=== THE PROBLEM ===
Using the data below, restate exactly every line from the one with "I will first" up to and including the one with "Hello everyone. We". No picture belongs in it.

Records contained in a dataset
● ● ● ● ●

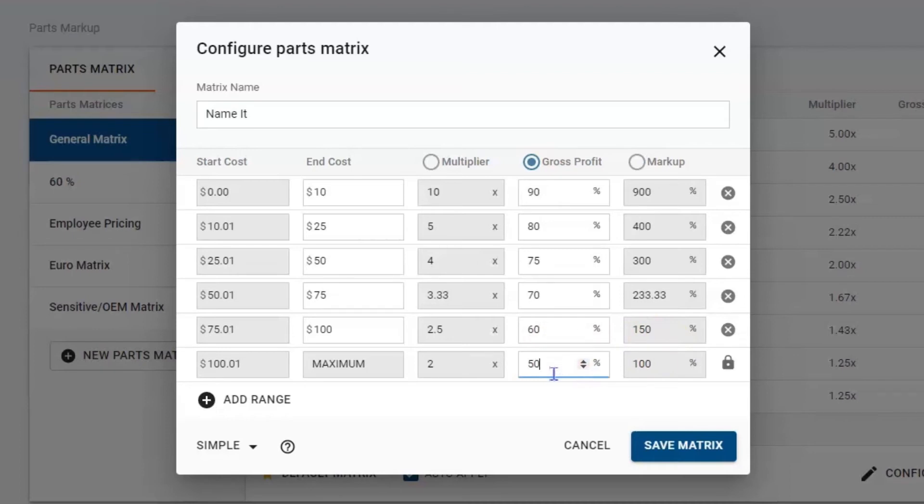This can always be adjusted. Remember, if you're buying that transmission, it's going to be expensive. There's no way you're going to get 60% or even 50% on this. It can always be changed and manipulated to sell the job.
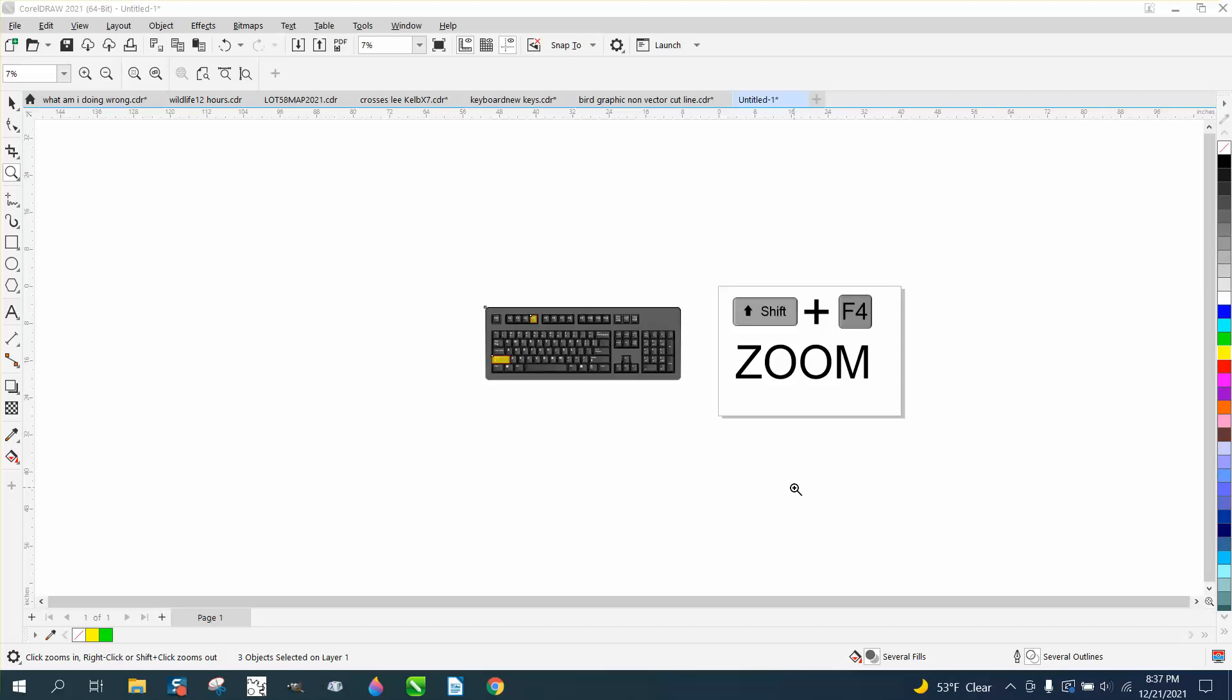Hi, it's me again with CorelDraw Tips and Tricks. Somebody brought up a good point and kind of a good question. When sometimes one opens a document, the page is like this big instead of being full screen.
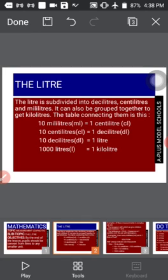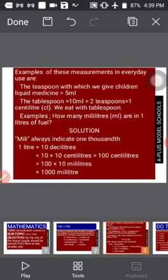Take a look at the table below. We have: 10 milliliters makes one centiliter; 10 centiliters makes one deciliter; 10 deciliters makes one liter; and 1,000 liters makes one kiloliter. You can say it after me. Study this table very well.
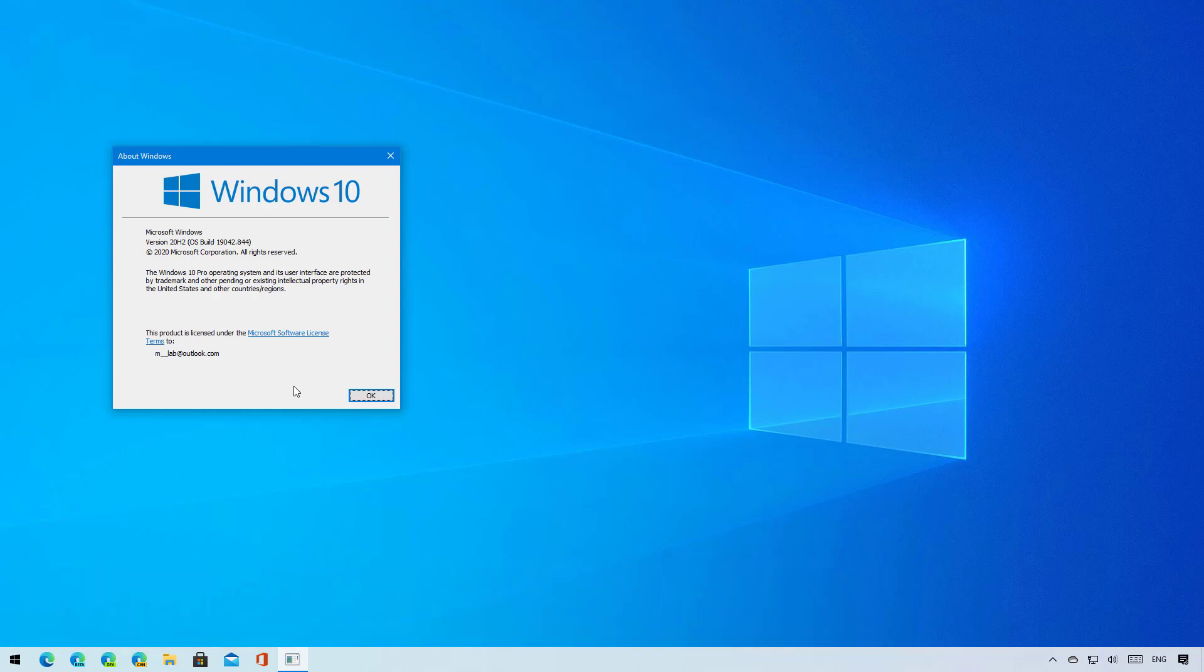Similar to version 20H2, the 21H1 update will be a small release, but the upgrade process to the new feature update will be different depending on the version of Windows already installed on your computer. This particular video will show you the steps to upgrade from version 20H2 or 2004 to version 21H1 using the Windows Update settings.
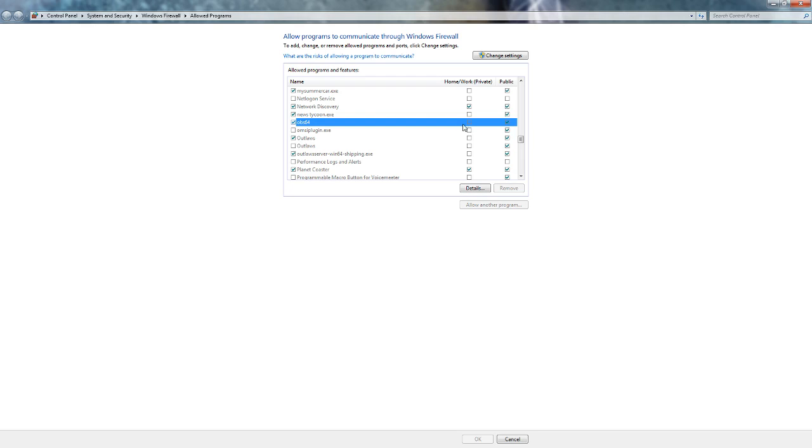On my streaming PC I had a problem with OBS NDI game mode not showing at all. So what I did is I opened Firewall Allowed Program, checked OBS Studio, and check marked private and public.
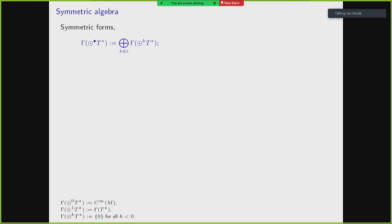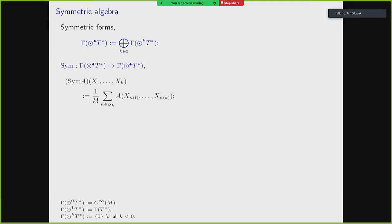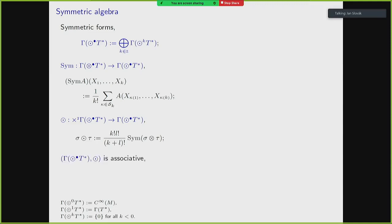I will first recall what symmetric algebra is. It's a graded vector space of completely symmetric tensor fields on your manifold, so a homogeneous element of degree K is just a symmetric tensor with K inputs. There is a simple way to construct symmetric tensors out of generic tensors: you symmetrize by shuffling all inputs by all permutations. The product is called the symmetric product — you first take the tensor product, then symmetrize, with a numerical factor in front. This algebra is associative, commutative, unital, and graded.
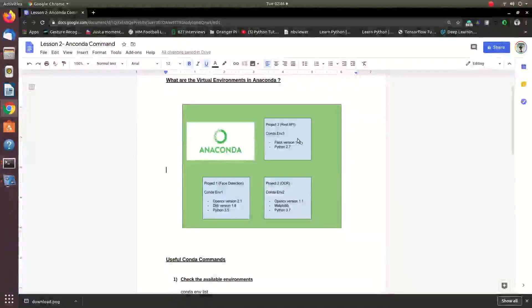Hello everyone. We are going to use the Anaconda Navigator tool to create a new environment for the virtual environment.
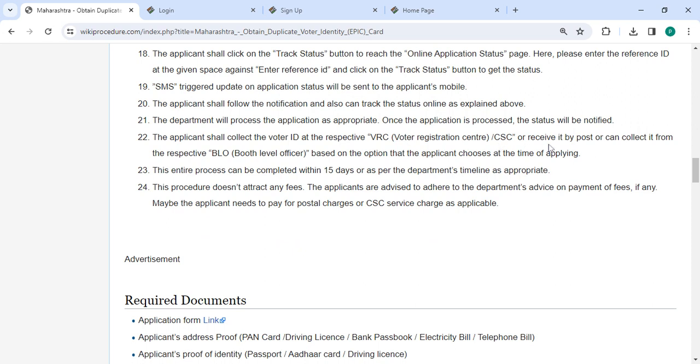You shall collect the voter ID at the respective VRC, CSC, or receive it by post, or collect it from the respective BLO based on the option that the applicant chooses at the time of applying. This entire process is completed within 15 days.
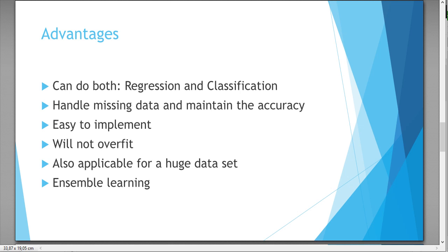You are not going to overfit the model because you are doing majority voting. Because you have a lot of, for example, decision trees in series, it's also applicable for a huge data set. And we are applying with random forest ensemble learning, which means we can also combine different models.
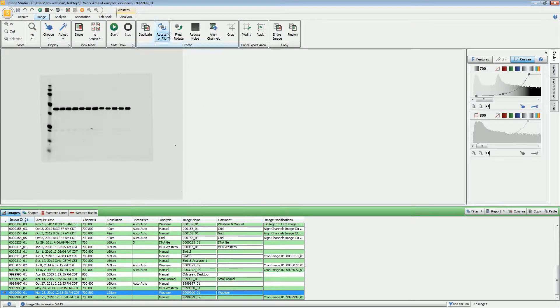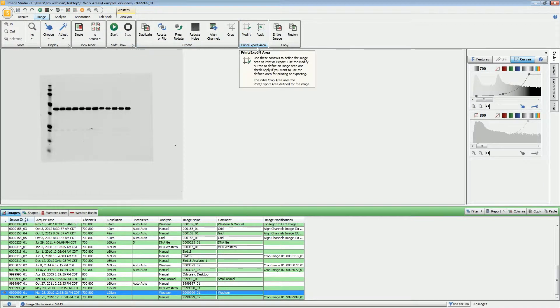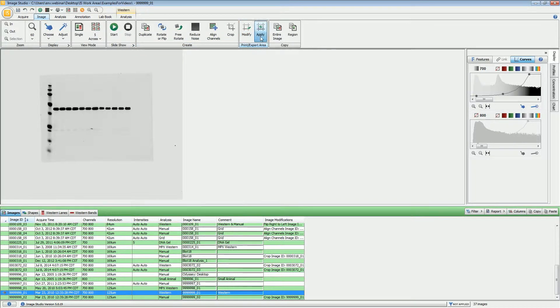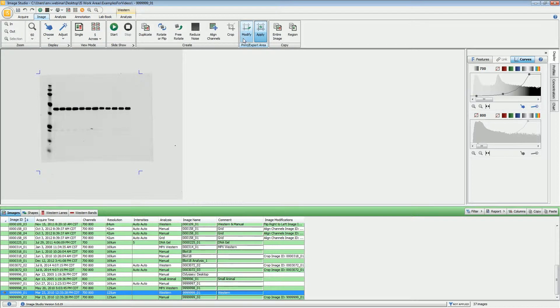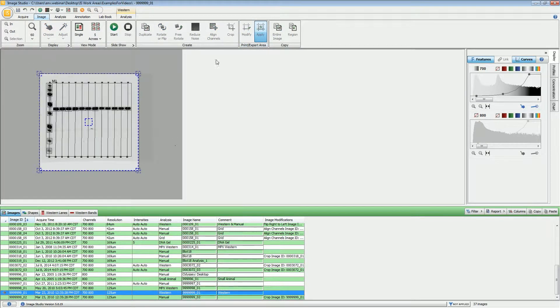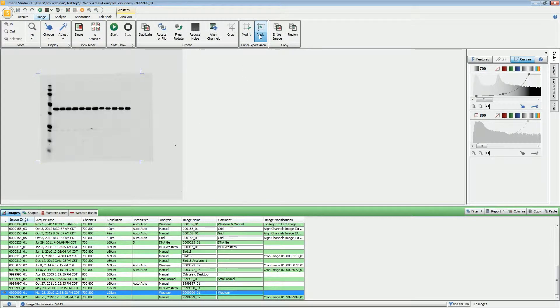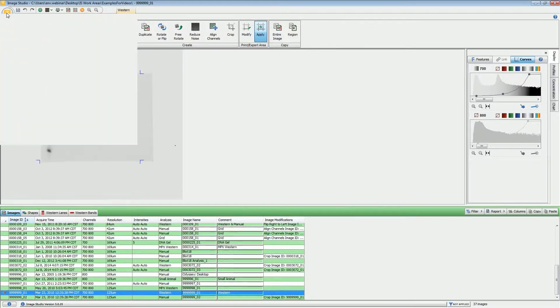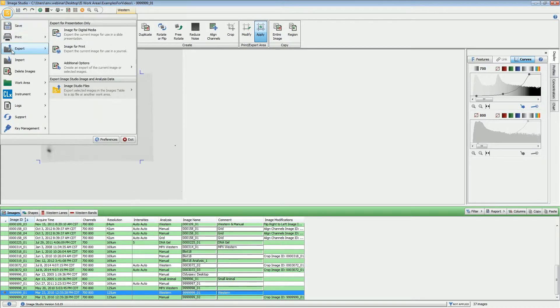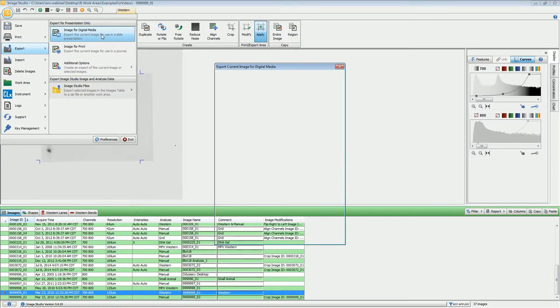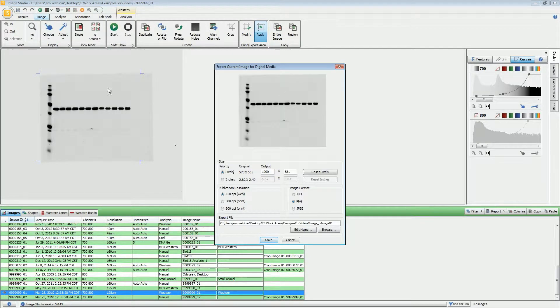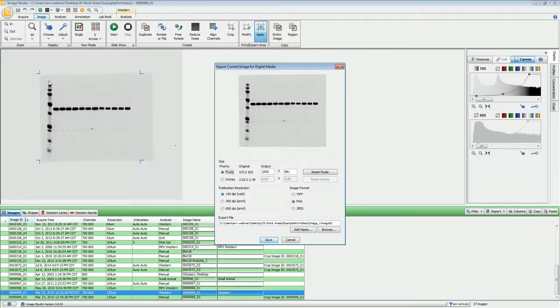If you do not need extra space around here, under the Image ribbon, we have this Print and Export Area. If I apply those, you will see we have these crop marks, and I can modify them to only be the area that I want for the export. So now when I go to the exports, it looks just like what we have here, with none of the lane lines or band markers, and only what is inside of those hash marks.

● ● ● ● ●

=== TASK RESULT ===
I will first recall what symmetric algebra is. It's a graded vector space of completely symmetric tensor fields on your manifold, so a homogeneous element of degree K is just a symmetric tensor with K inputs. There is a simple way to construct symmetric tensors out of generic tensors: you symmetrize by shuffling all inputs by all permutations. The product is called the symmetric product — you first take the tensor product, then symmetrize, with a numerical factor in front. This algebra is associative, commutative, unital, and graded.
Hello everyone. We are going to use the Anaconda Navigator tool to create a new environment for the virtual environment.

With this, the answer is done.